Fiber-reinforced polymer (FRP) materials, particularly carbon fiber (CFRP) and glass fiber (GFRP) systems, are modern materials that have proven effective in enhancing the mechanical performance of timber structural elements. Such reinforcements can significantly improve the load-carrying capacity of structural elements by increasing the compressive strength and stiffness of wood (Fiore et al. 2015; Lengyel and Saad 2022).
Recent studies have revealed that timber structural elements reinforced with CFRP and GFRP materials exhibit significant improvements, particularly in flexural and compressive strength (Chen et al. 2025). These reinforcements offer an effective method for overcoming wood’s inherent mechanical limitations and are also applicable to the rehabilitation of historic structures (Raftery and Harte 2011; Fiore et al. 2015; Bal and Büyüksarı 2019).

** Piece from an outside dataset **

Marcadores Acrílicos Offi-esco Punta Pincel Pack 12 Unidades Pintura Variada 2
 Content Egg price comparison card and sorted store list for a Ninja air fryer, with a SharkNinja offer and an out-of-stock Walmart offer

The use of FRP materials in historic buildings is less invasive than traditional reinforcement methods and offers advantages with respect to preserving the authenticity of the structure (Atilgan and Kocaer 2025). In this context, CFRP and GFRP materials stand out as effective methods for increasing the strength of the load-bearing elements of historic wooden structures (Triantafillou 2001).
Wood is a preferred construction material among architects and engineers because its benefits far outweigh its disadvantages. Its advantages include easy accessibility, sufficient strength while being lightweight, low transportation costs, practical assembly, simple interlocking mechanism, resistance to chemical effects, and ease of shaping it to the desired form on site (Çalışkan et al. 2019).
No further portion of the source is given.